Hey, Droppers!
Na coluna ‘Ferrou’ de hoje: “a era do coding de humanos já acabou”, pelo menos para o criador do Node.js. Ele se posicionou sobre a evolução dos agentes de IA, dizendo que escrever código diretamente não é mais um trabalho que faz parte da carreira dos engenheiros.
No AiDrop de hoje, repetindo a palavra IA trocentas vezes:
• Agent-Led-Growth: o futuro do SaaS
• McKinsey: 40% dos funcionários são IA
• Trabalho: menos vagas e mais exigências
• IA por aí: ChatGPT, Google, Notion e mais…
• Me explique como se eu fosse uma criança: Agente de IA x Enxame de Agentes de IA

GROWTH
Agent-Led-Growth: o futuro do SaaS

A última década tech foi marcada por uma porrada de empresas SaaS adotando o playbook de Product-Led-Growth como estratégia de go-to-market (GTM). A nova década, porém, promete trazer uma estratégia completamente diferente: Agent-Led-Growth.
Product-Led-Growth (PLG): usuários humanos testam o seu produto (freemium, trial, sandbox) e decidem por conta própria se querem comprá-lo. Junto com essa tese, times trabalham com otimização de onboarding, landing pages maravilhosas, viral-loops, etc.

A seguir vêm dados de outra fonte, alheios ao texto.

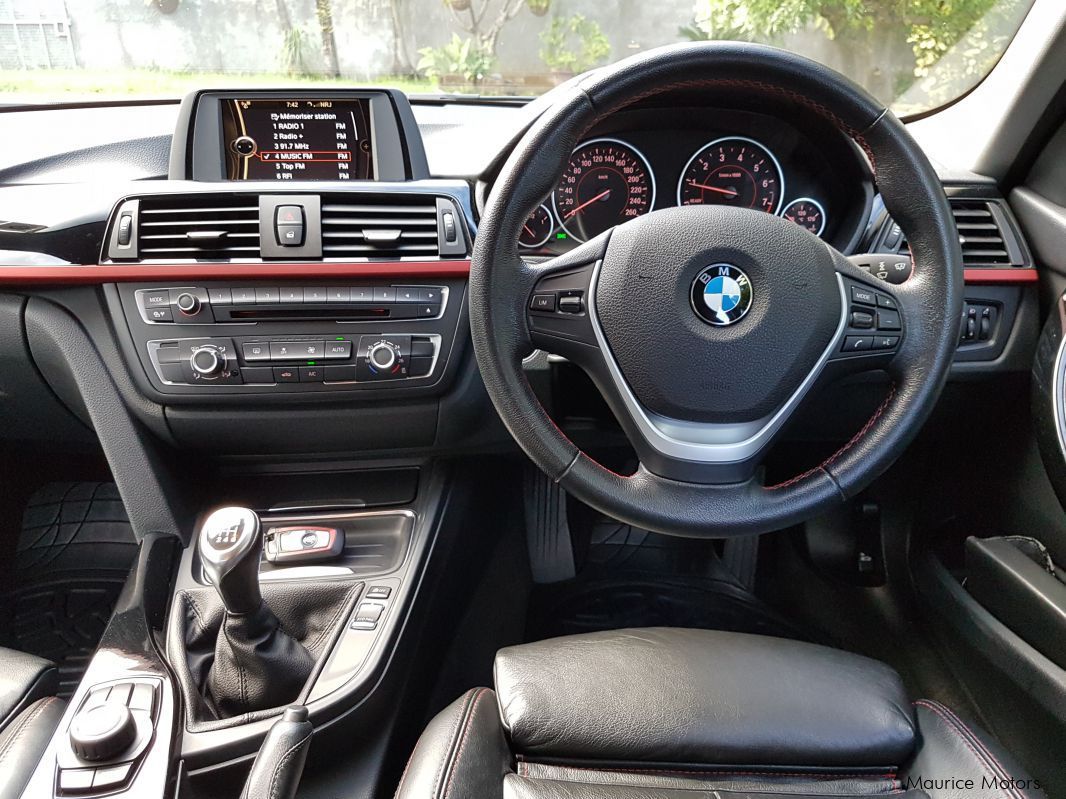 BMW 316i  F30 Sport line in Mauritius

Ex: Dropbox, Zoom, Slack, Calendly, Notion, etc…
Agent-Led-Growth (ALG): agentes de IA são os principais influenciadores na escolha, avaliação e adoção de um produto. Em ALG, o agente analisa documentação, estrutura de dados, APIs, confiabilidade, preços e aderência funcional – e recomenda ou integra a ferramenta automaticamente.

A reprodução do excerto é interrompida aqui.